WHAT YOU WILL DO
Repeat the data exactly. Pictures stay out.

DATASET CONTENT
____

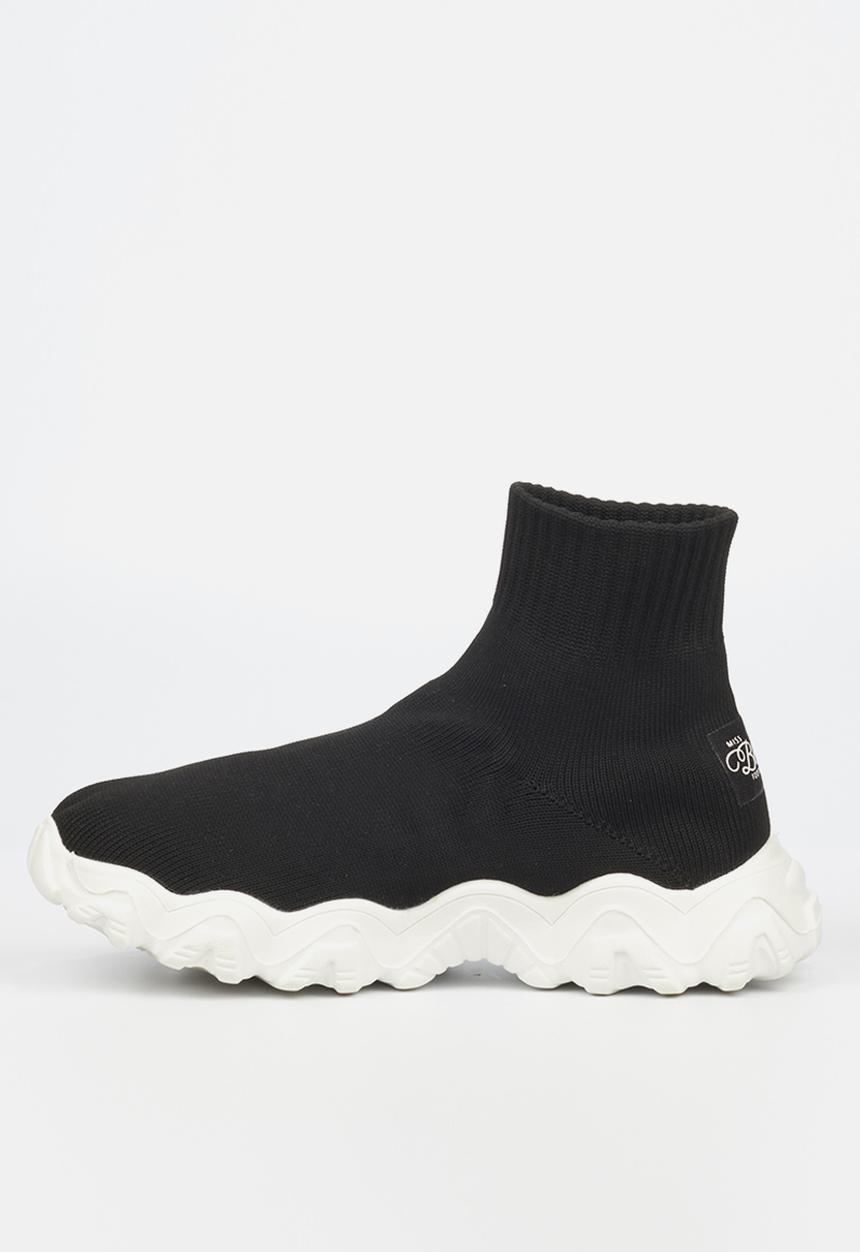 Miss Black - Lency 1 sneaker - black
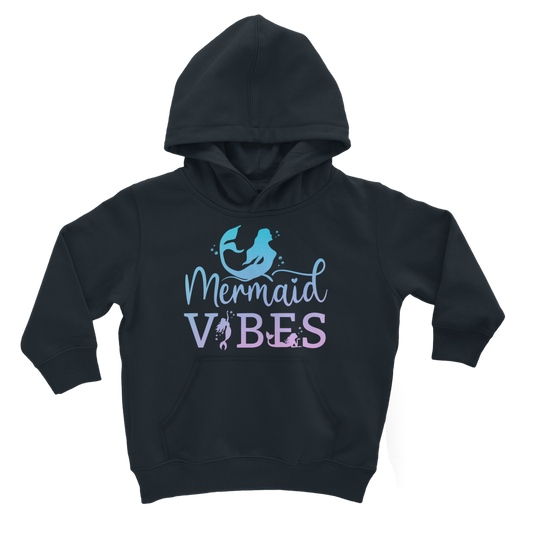 Mermaid Vibes - Girls Hoodie | 3 - 13 years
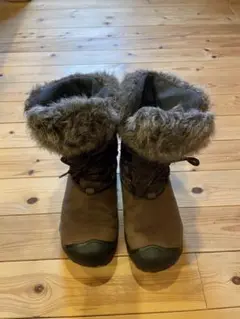 keen キーン レディース ブーツ 25cm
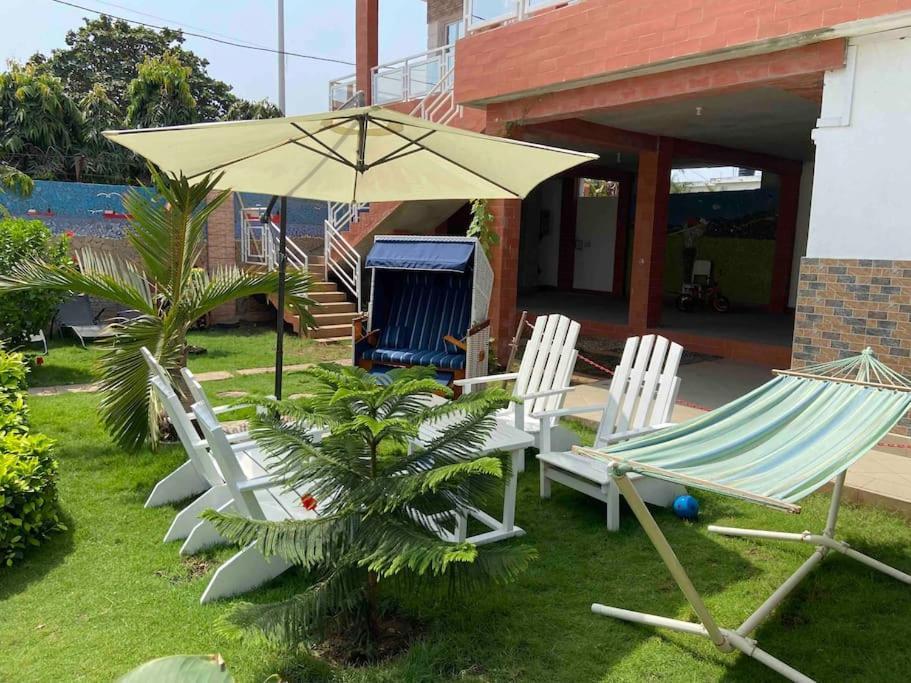 Appartement Altona Lomé Buitenkant foto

____

SOLUTION
 Miss Black - Lency 1 sneaker - black
 Mermaid Vibes - Girls Hoodie | 3 - 13 years
 keen キーン レディース ブーツ 25cm
 Appartement Altona Lomé Buitenkant foto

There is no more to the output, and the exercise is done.